§ WHAT THE TASK REQUIRES: No pictures go in the copy; retype exactly the lines from the one with "Koberec Wilton - Sandrigo (čierny/zlatý)" through the last line of the records.

═══ TASK INPUTS

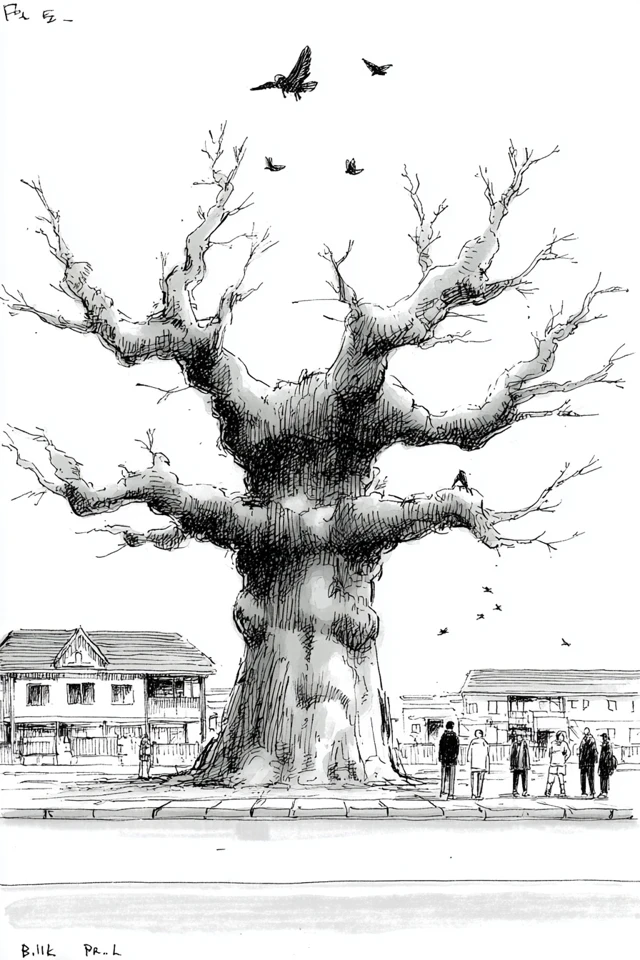 Monochrome Musings: A Manga Art Collage - Image 5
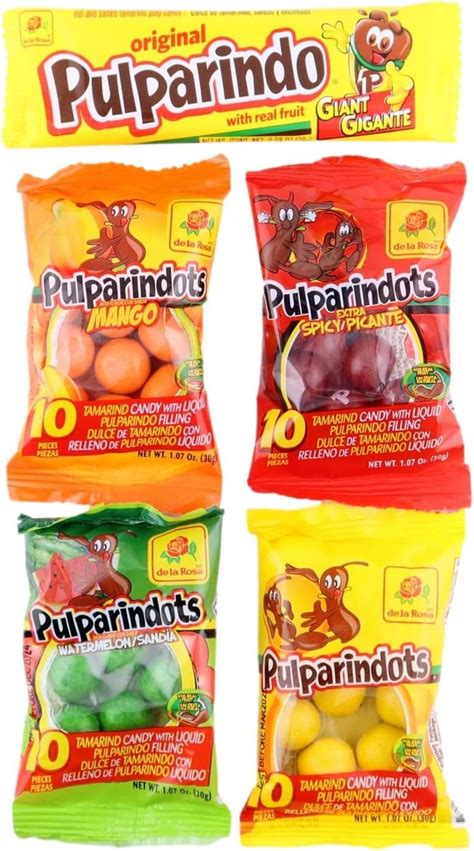 Mexican Candy Variety Pack 4 Pulparindots Original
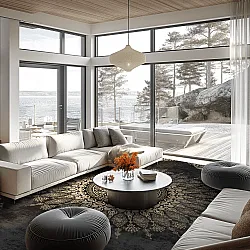 Koberec Wilton - Sandrigo (čierny/zlatý)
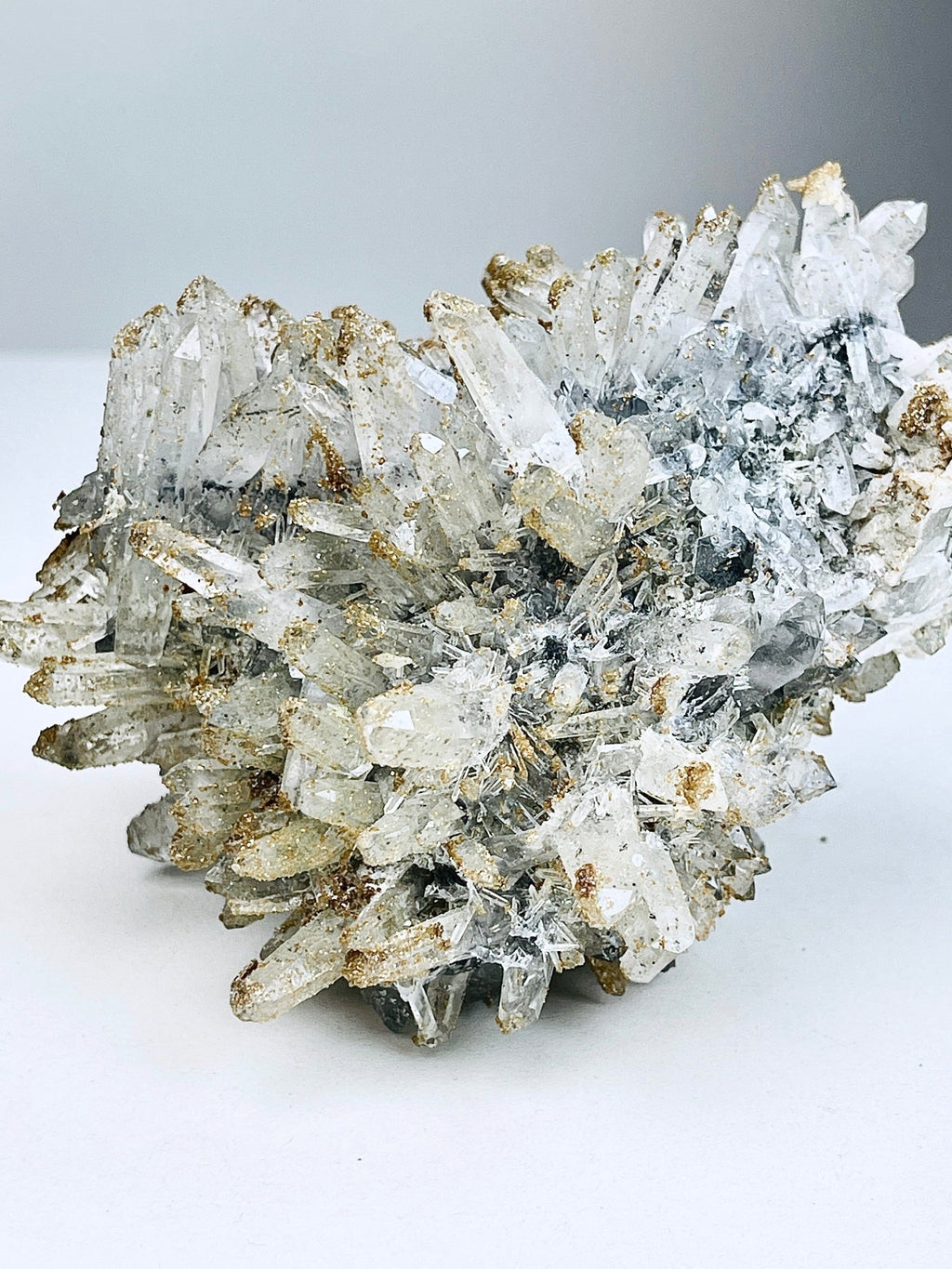 1045g Unique Quartz with Rhodochrosite from Djurkovo mine, Laki, Bulgaria, Mineral Specimen, Unique Gift - Million Years Crystal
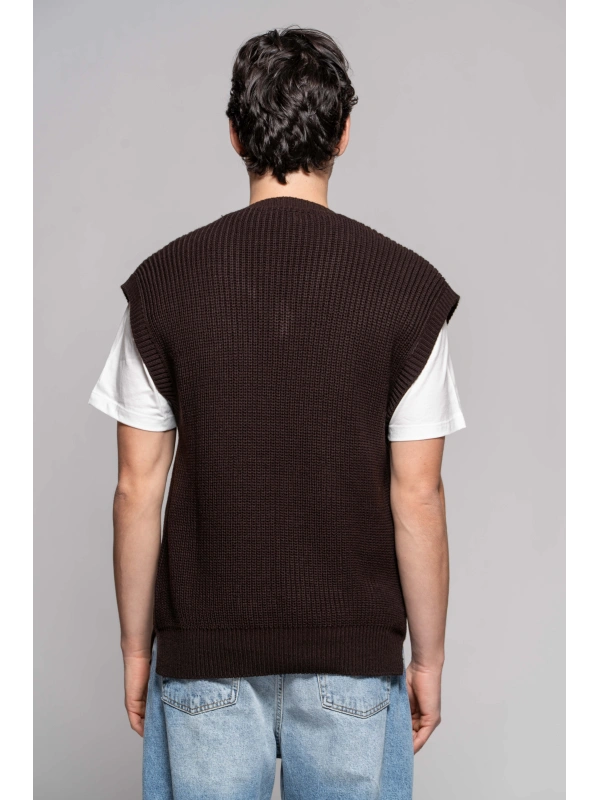 MAGLIA GILET SCOLLO V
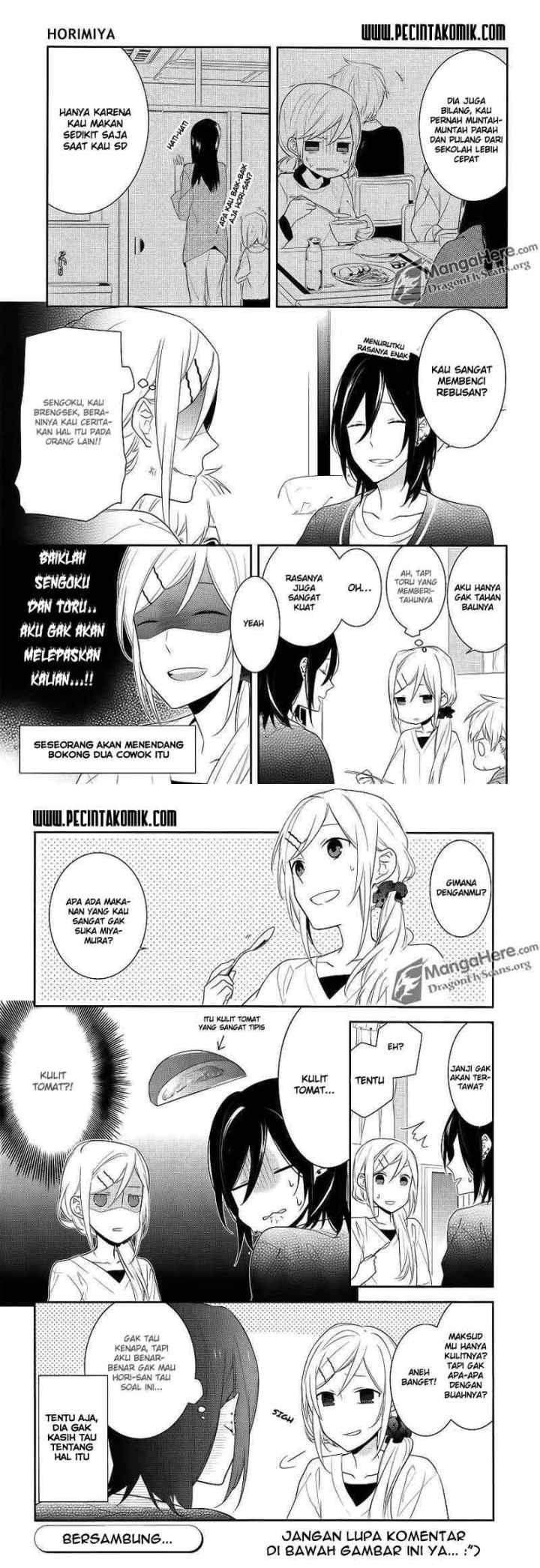 Horimiya chapter 15 halaman 14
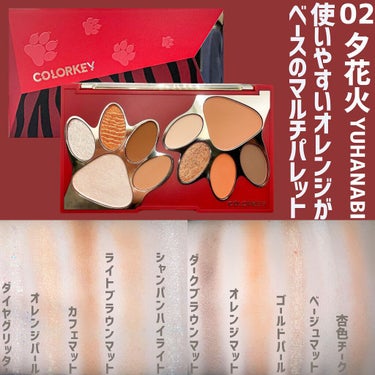 トラ十色アイシャドウパレット/COLORKEY/アイシャドウパレットを使ったクチコミ（2枚目）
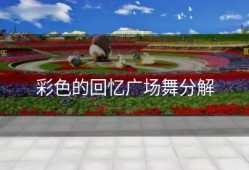 彩色的回忆广场舞分解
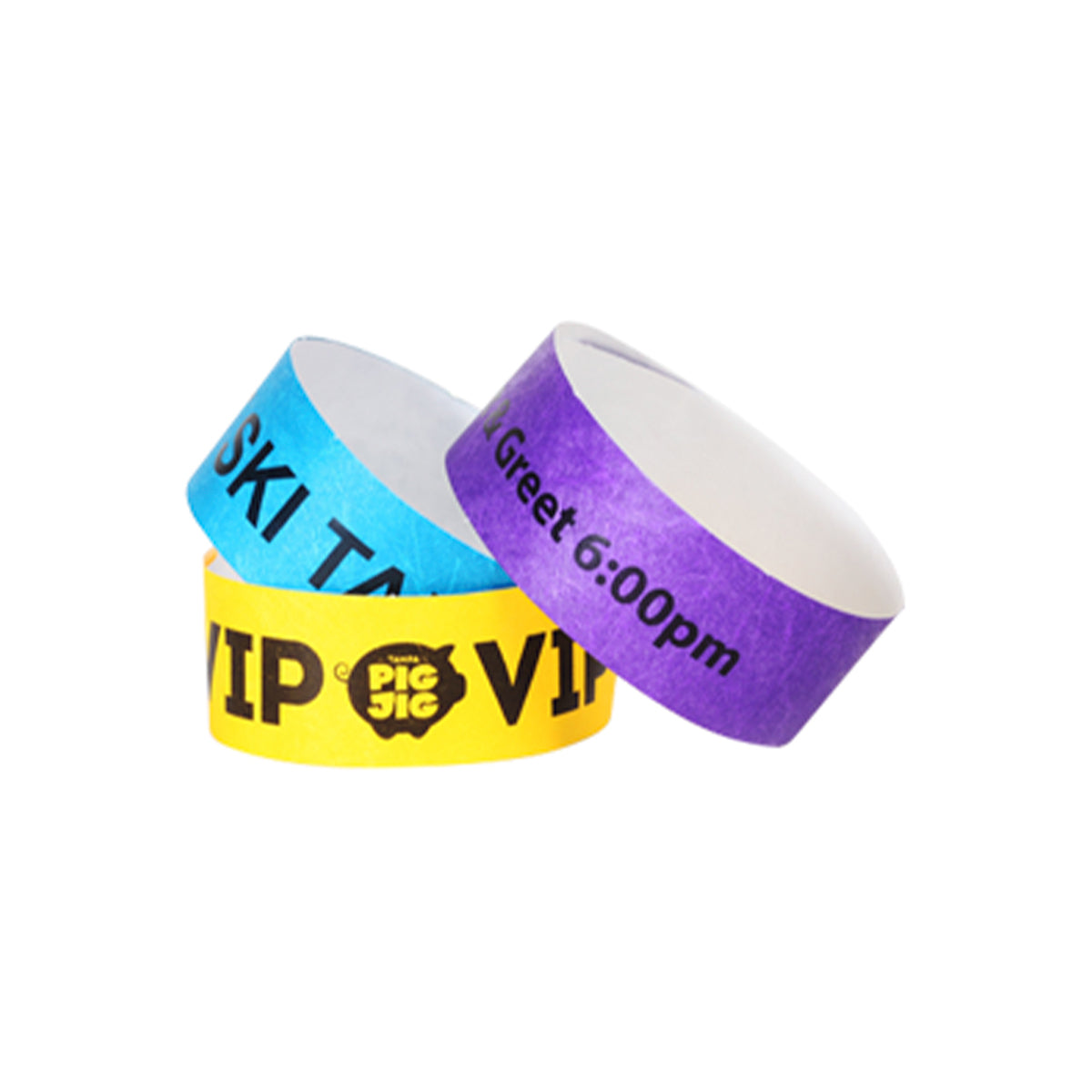 Custom Printed Tyvek Event Wristbands – 3/4"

══════

§ THE ANSWER:
 Koberec Wilton - Sandrigo (čierny/zlatý)
 1045g Unique Quartz with Rhodochrosite from Djurkovo mine, Laki, Bulgaria, Mineral Specimen, Unique Gift - Million Years Crystal
 MAGLIA GILET SCOLLO V
 Horimiya chapter 15 halaman 14
 トラ十色アイシャドウパレット/COLORKEY/アイシャドウパレットを使ったクチコミ（2枚目）
 彩色的回忆广场舞分解
 Custom Printed Tyvek Event Wristbands – 3/4"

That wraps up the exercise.